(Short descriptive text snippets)
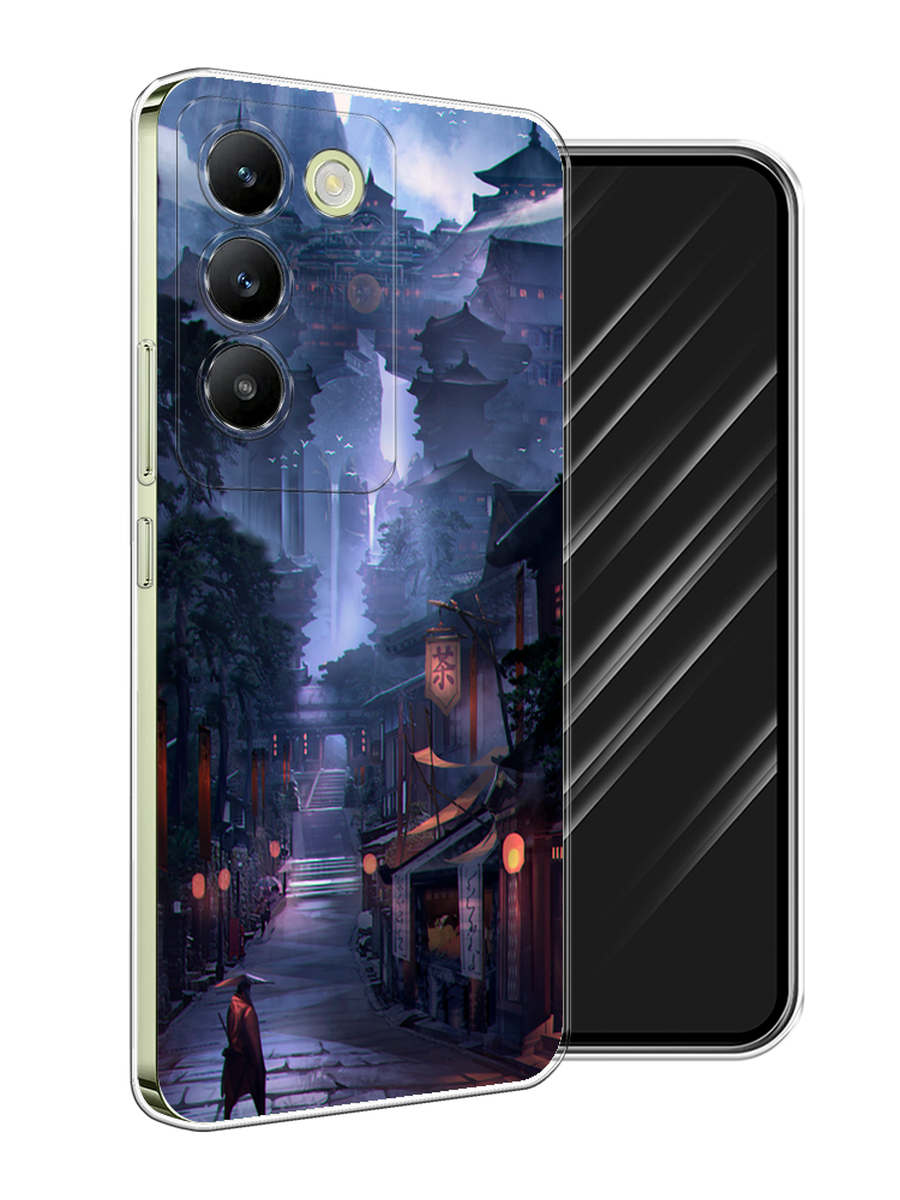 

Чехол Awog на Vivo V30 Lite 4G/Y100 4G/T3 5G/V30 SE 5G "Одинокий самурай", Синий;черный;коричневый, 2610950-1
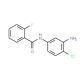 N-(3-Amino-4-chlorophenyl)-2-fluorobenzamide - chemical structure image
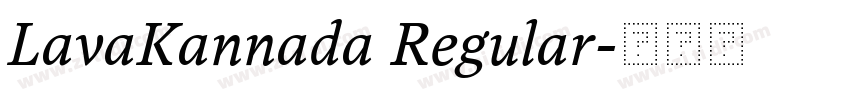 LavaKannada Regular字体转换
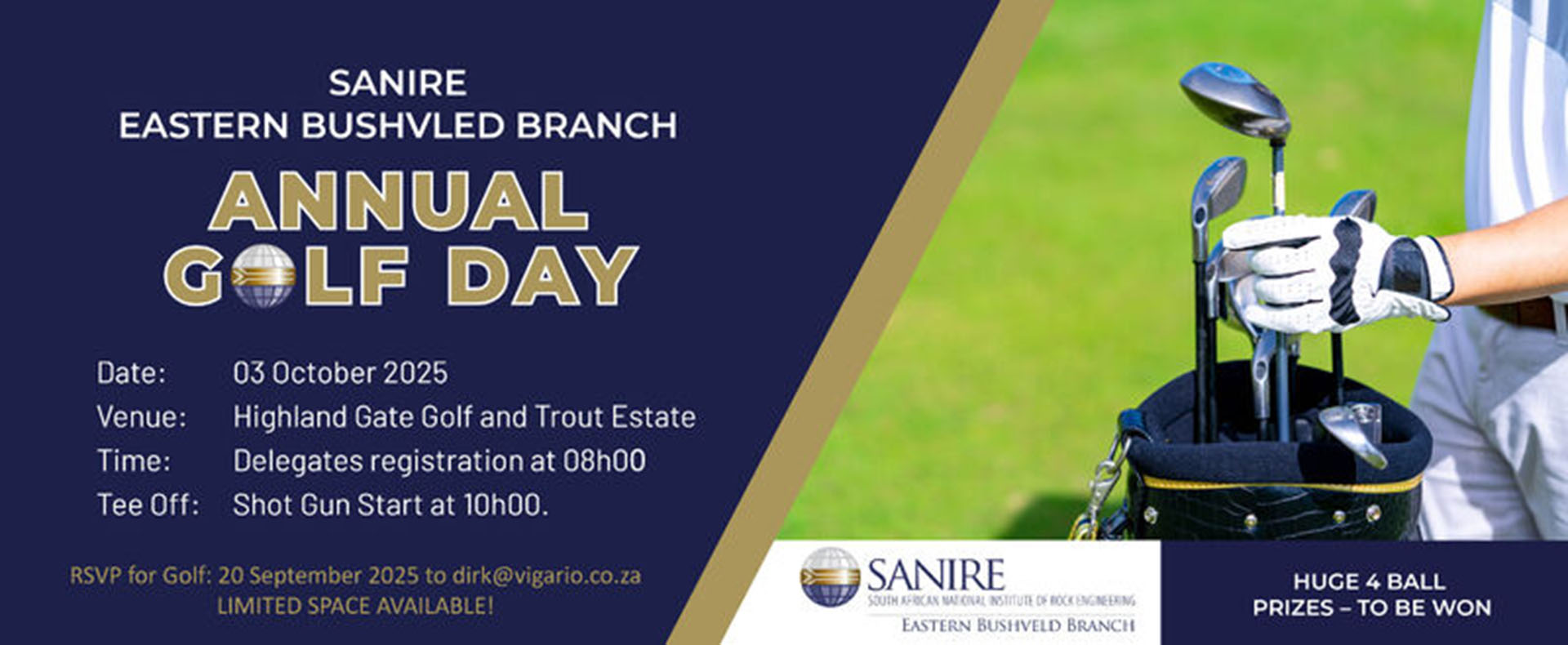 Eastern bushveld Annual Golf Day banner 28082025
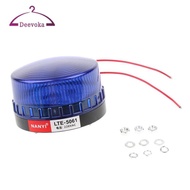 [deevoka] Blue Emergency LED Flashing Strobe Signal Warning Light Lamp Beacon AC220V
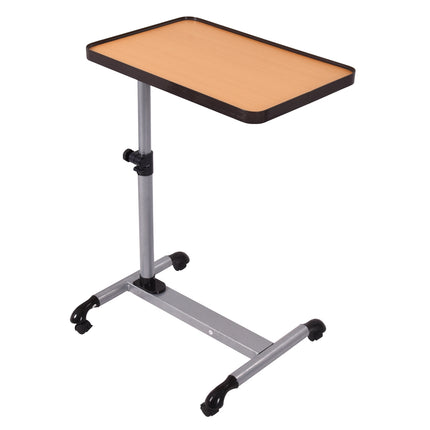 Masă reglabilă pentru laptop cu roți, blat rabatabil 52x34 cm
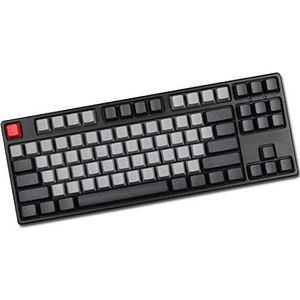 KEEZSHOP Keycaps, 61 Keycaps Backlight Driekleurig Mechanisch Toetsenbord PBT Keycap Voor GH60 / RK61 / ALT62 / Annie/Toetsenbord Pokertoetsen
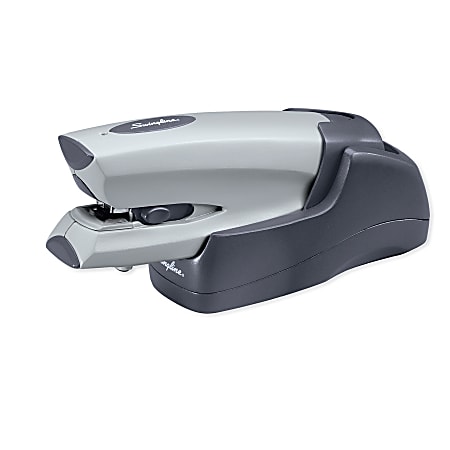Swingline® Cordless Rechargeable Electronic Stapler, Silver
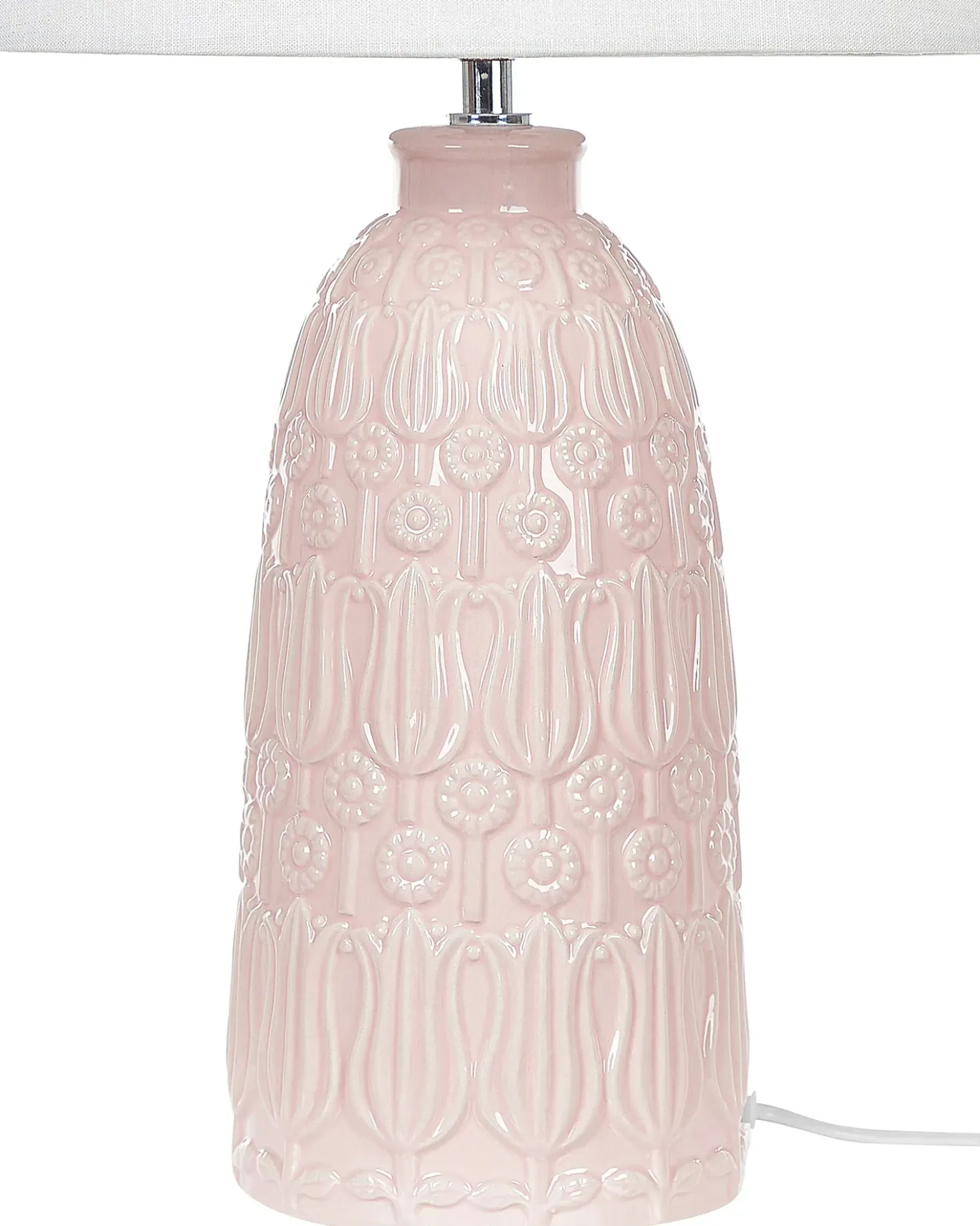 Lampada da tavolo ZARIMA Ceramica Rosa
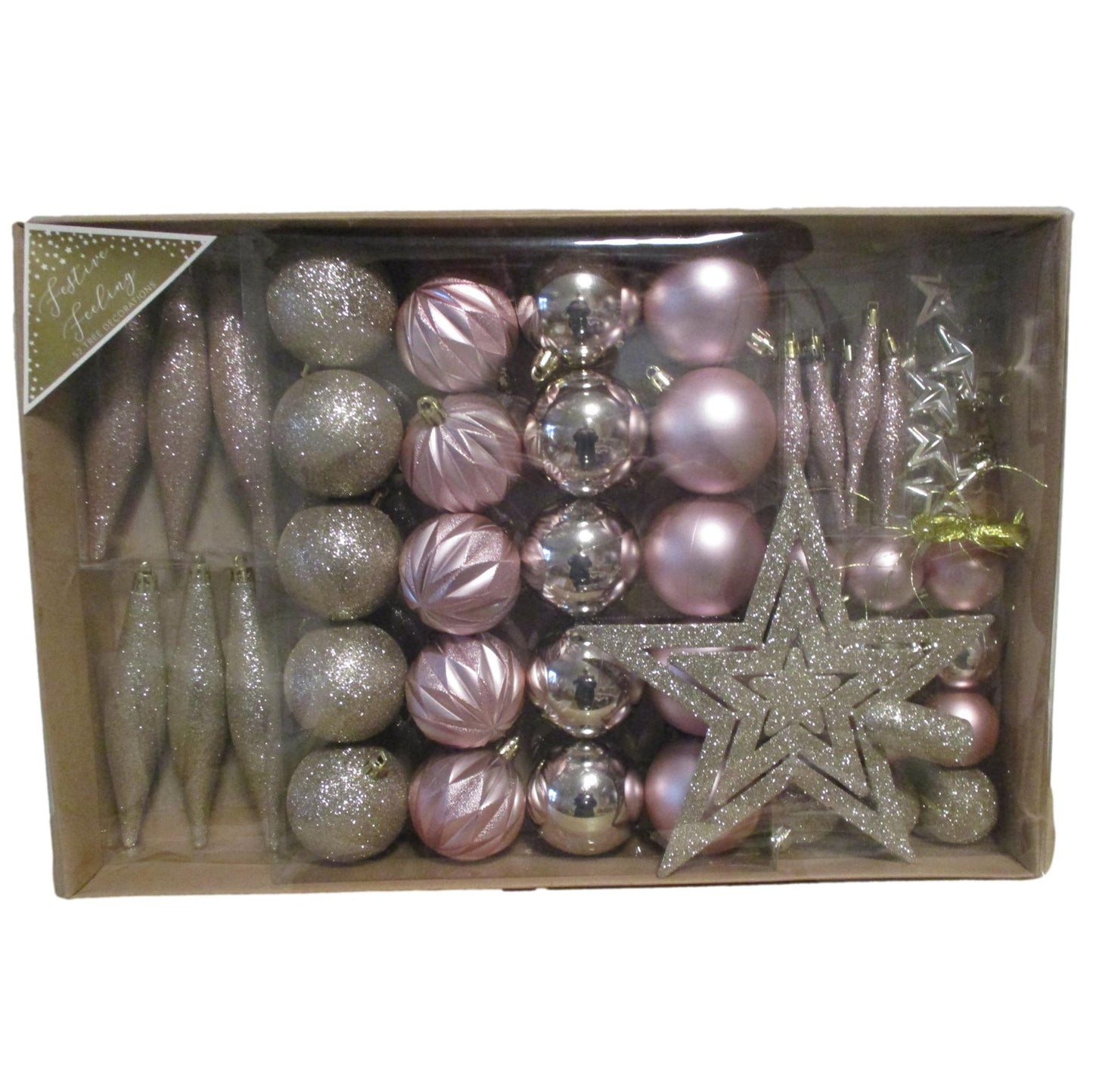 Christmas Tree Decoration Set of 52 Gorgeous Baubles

→ Work required
Word for word, copy every line of the data, excluding any pictures.

→ Written answer
Чехол Awog на Vivo V30 Lite 4G/Y100 4G/T3 5G/V30 SE 5G "Одинокий самурай", Синий;черный;коричневый, 2610950-1
 N-(3-Amino-4-chlorophenyl)-2-fluorobenzamide - chemical structure image
 LavaKannada Regular字体转换
 Eastern bushveld Annual Golf Day banner 28082025
 [deevoka] Blue Emergency LED Flashing Strobe Signal Warning Light Lamp Beacon AC220V
 Masă reglabilă pentru laptop cu roți, blat rabatabil 52x34 cm
 KEEZSHOP Keycaps, 61 Keycaps Backlight Driekleurig Mechanisch Toetsenbord PBT Keycap Voor GH60 / RK61 / ALT62 / Annie/Toetsenbord Pokertoetsen
Swingline® Cordless Rechargeable Electronic Stapler, Silver
 Lampada da tavolo ZARIMA Ceramica Rosa
 Christmas Tree Decoration Set of 52 Gorgeous Baubles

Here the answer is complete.